This James Martin cod and chorizo is a simple yet impressive dish that brings together delicate white fish with the rich, smoky warmth of Spanish chorizo. The cod stays beautifully flaky while the chorizo releases its oils to create a deeply savoury sauce. It is a straightforward recipe, ideal for confident beginners and relaxed weekend cooking. From start to finish, it takes around 30 minutes, making it perfect for an easy but special supper.
Ingredients
For the cod
- 4 cod fillets, skinless, about 150g each
- Salt and freshly ground black pepper
- 1 tbsp olive oil
For the chorizo sauce
- 150g cooking chorizo, sliced into thick rounds
- 1 small onion, finely chopped
- 2 garlic cloves, crushed
- 200g cherry tomatoes, halved
- 100ml white wine
- 1 tbsp tomato purée
- 1 tbsp fresh parsley, finely chopped
How to Make James Martin Cod And Chorizo
- Prepare the fish: Pat the cod fillets dry with kitchen paper and season lightly on both sides with salt and black pepper. Set aside while you prepare the sauce.
- Cook the chorizo: Heat a large frying pan over a medium heat. Add the chorizo slices and cook for 3 to 4 minutes until they release their oils and turn lightly crisp. Remove with a slotted spoon and set aside.

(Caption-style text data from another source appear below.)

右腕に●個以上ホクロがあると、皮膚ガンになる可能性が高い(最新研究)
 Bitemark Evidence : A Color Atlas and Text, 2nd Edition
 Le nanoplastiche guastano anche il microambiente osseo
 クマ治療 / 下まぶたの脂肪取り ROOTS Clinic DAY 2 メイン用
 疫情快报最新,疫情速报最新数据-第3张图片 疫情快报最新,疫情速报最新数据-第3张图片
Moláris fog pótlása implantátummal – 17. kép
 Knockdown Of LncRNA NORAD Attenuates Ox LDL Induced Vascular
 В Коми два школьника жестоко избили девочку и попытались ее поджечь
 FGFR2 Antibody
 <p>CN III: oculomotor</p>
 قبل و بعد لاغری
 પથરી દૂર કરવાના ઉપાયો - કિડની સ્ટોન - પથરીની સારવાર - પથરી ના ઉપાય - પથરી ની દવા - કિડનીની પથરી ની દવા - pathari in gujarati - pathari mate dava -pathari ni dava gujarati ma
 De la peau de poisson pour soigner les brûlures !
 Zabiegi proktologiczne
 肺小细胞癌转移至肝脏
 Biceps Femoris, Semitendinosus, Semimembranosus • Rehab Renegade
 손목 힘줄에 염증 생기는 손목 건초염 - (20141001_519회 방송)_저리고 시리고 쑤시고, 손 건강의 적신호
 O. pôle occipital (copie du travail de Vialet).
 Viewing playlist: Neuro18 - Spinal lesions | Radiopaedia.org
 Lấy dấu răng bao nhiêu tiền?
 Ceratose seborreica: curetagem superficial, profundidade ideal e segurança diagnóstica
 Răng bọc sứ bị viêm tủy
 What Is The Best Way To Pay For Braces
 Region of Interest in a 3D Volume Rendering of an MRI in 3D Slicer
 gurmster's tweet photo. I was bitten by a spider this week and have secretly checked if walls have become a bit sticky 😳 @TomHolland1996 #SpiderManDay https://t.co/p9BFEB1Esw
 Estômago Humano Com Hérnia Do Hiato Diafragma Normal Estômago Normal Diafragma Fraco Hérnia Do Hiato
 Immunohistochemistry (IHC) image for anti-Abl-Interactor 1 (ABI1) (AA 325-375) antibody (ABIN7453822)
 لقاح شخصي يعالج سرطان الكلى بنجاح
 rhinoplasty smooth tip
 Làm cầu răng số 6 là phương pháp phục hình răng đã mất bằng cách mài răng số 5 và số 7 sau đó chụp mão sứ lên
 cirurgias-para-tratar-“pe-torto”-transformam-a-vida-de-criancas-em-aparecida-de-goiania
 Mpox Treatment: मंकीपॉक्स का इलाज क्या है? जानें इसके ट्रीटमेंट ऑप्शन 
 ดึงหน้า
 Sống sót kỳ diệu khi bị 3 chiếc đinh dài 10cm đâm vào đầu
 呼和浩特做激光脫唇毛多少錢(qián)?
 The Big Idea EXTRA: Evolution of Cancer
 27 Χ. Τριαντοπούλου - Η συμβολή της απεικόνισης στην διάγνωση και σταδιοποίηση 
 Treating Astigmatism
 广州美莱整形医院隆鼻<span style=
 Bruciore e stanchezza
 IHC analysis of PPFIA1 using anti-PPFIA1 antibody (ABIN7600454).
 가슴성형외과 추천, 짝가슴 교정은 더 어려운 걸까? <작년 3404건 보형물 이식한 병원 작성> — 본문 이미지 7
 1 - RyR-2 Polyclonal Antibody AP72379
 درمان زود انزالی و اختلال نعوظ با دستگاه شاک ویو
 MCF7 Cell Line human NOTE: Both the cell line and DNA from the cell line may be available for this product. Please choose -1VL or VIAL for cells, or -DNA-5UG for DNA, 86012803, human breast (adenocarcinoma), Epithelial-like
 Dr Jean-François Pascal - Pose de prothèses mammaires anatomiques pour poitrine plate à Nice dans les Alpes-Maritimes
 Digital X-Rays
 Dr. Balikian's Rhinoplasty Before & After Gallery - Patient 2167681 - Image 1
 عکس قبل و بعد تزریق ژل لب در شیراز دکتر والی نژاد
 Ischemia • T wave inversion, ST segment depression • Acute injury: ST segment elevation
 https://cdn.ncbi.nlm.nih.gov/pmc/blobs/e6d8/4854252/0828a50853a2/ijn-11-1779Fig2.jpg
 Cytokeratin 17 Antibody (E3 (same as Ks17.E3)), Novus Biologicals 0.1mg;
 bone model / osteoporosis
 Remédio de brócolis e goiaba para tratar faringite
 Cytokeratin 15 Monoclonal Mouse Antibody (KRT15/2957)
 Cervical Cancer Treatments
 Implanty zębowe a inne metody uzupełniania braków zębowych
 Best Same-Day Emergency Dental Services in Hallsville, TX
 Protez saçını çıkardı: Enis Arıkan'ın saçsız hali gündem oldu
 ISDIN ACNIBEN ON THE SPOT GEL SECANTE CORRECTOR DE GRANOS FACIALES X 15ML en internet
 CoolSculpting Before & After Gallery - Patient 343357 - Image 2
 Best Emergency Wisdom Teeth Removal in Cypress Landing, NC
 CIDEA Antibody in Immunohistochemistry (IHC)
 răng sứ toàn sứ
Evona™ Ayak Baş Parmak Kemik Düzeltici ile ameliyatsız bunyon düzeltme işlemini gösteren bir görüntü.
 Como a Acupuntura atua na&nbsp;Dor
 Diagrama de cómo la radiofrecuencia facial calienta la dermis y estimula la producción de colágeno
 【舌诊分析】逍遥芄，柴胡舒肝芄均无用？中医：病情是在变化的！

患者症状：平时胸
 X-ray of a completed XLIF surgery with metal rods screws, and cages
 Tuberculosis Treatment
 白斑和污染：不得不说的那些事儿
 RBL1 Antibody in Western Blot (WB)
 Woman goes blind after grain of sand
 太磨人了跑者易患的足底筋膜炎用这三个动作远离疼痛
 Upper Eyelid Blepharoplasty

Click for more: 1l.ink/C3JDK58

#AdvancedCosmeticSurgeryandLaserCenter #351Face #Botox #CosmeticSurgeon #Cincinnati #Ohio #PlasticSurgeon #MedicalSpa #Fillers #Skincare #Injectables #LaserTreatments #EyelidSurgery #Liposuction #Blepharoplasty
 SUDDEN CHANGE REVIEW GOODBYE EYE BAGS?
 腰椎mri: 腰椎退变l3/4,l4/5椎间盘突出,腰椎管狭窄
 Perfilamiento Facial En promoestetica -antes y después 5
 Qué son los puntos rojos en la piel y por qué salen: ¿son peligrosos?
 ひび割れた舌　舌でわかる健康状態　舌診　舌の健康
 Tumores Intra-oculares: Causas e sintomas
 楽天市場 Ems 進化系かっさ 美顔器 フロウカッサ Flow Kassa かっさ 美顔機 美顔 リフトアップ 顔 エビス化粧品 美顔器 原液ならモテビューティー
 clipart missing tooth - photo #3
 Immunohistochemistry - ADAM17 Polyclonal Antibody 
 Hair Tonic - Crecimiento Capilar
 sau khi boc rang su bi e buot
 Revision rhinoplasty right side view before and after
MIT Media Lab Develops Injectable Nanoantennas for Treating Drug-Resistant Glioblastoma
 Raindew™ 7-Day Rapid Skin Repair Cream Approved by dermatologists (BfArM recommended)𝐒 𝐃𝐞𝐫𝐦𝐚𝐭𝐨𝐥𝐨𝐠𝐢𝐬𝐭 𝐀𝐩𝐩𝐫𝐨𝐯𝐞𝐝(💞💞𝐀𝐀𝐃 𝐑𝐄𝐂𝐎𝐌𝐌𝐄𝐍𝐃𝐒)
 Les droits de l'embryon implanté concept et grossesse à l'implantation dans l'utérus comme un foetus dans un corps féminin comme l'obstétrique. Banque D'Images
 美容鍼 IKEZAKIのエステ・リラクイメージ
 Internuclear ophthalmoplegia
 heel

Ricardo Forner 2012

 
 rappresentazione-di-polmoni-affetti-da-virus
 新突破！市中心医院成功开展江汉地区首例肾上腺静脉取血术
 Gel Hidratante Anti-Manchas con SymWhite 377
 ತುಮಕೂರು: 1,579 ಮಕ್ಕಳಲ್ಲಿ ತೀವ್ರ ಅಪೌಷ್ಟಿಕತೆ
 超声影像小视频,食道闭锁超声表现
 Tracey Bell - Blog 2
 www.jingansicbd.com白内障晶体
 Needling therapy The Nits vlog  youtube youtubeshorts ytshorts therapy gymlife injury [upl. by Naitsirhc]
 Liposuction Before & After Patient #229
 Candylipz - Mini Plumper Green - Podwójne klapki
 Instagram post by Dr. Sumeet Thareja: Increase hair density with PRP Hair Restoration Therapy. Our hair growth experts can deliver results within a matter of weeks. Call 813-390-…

- Make the sauce base: In the same pan, add the chopped onion to the chorizo oil and cook gently for 5 minutes until soft. Stir in the garlic and cook for 30 seconds.
- Add tomatoes and wine: Add the cherry tomatoes and tomato purée, then pour in the white wine. Bring to a gentle simmer and cook for 5 minutes until slightly reduced.
- Cook the cod: Heat the olive oil in a separate non-stick pan over medium heat. Add the cod fillets and cook for 3 to 4 minutes on each side until just cooked through and flaky.
- Finish the dish: Return the chorizo to the sauce and warm through. Stir in the parsley, then spoon the sauce over the cod fillets to serve.

Tips
How do I stop the cod from overcooking?
Cod cooks very quickly, so keep the heat moderate and remove it from the pan as soon as it flakes easily with a fork.
Can I make the sauce in advance?
Yes, the chorizo sauce can be made a day ahead and gently reheated before serving. Cook the cod fresh for best texture.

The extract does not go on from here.